O que importa, então, é o efeito do limite de garantia ordinária de R$ 250 mil, o mesmo para os dois fundos brasileiros: segundo dados dos respectivos relatórios, em dezembro de 2019, o limite cobria, no FGCoop 99,17% dos depositantes e investidores e, no FGC, 99,67%.
Outro ponto que mostra que o limite brasileiro para a garantia ordinária está mais do que adequado é em relação à renda per capita do país: a título de exemplo:
- na Alemanha e na Itália, onde o limite de cobertura é de 100 mil euros, corresponde a 2,35 e 3,15 vezes o PIB per capita;
- no Brasil, o limite de R$ 250 mil equivale a 5,59 vezes,
- relação maior até mesmo que a dos EUA, onde o limite de 250 mil dólares corresponde a 4,48 vezes o PIB per capita (dados de dezembro/2019)[1].
Para que não se confunda com aumento de limite, ressalte-se que a alteração aprovada no Regulamento do FGC pela Resolução nº 4.620/2017, limitando a cobertura de cada credor no conjunto de todas as instituições associadas a R$ 1 milhão a cada período de quatro anos consecutivos, manteve a garantia ordinária de R$ 250 mil por instituição. A justificativa pode ser extraída do Relatório de Estabilidade Financeira do BCB, Abril/2019: “Tal limite foi considerado adequado para a manutenção da proteção ao investidor hipossuficiente e para, simultaneamente, desestimular o comportamento de fracionamento de investimentos por parte de alguns poucos investidores alcançados pelo novo regramento normativo atinente à garantia de depósitos.”
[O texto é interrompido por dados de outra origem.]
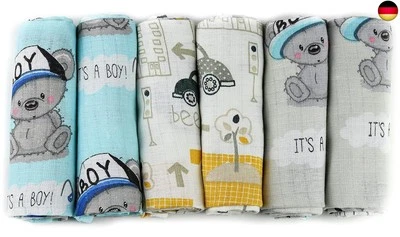 BESUCHE DEN FENSILO- FENSILO - Mulltücher - Mullwindeln - 6er Pack 70x80 cm - Stoffwindeln, Made IN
Por fim, importante lembrar:
- limite e condições de garantia estão presentes nos regulamentos dos fundos garantidores brasileiros;
- embora ambos os fundos sejam de natureza privada, seus estatutos e regulamentos, por força de resoluções[2], têm que ser aprovados pelo Conselho Monetário Nacional (CMN), após exame do Banco Central, para assegurar o cumprimento dos requisitos e características mínimas estabelecidos naqueles normativos;
- eventual alteração de limite de cobertura ordinária deve ser aplicada a ambos os fundos, para não gerar assimetria que afete as condições de competitividade nesse quesito;
- ressalvam-se coberturas especiais que a mudança de contexto econômico possa induzir e que venham a ser implementadas de acordo com as especificidades de um ou outro sistema, o cooperativista ou o bancário, mas que também deverão sempre ter a concordância de Banco Central e aprovação do CMN.
[1] Alemanha: Statutory Deposit Guarantee System of German Cooperative Banks; Itália: Credit Cooperatives Depositors Guarantee Fund / Fondo di Garanzia dei Depositanti del Credito Cooperativo; EUA: National Credit Union Administration (NCUA)
[2] FGC: Resolução CMN nº 2.197/1995; FGCoop: Resolução CMN nº 4.150/2012
Por Lúcio César de Faria, graduado em Economia, Administração e Ciências Contábeis, e com pós-graduação em Capacitação e Potencialização Gerencial. Atuou como assessor do Banco Central do Brasil e como diretor do FGCoop, sendo também Conselheiro de Administração formado pelo IBGC.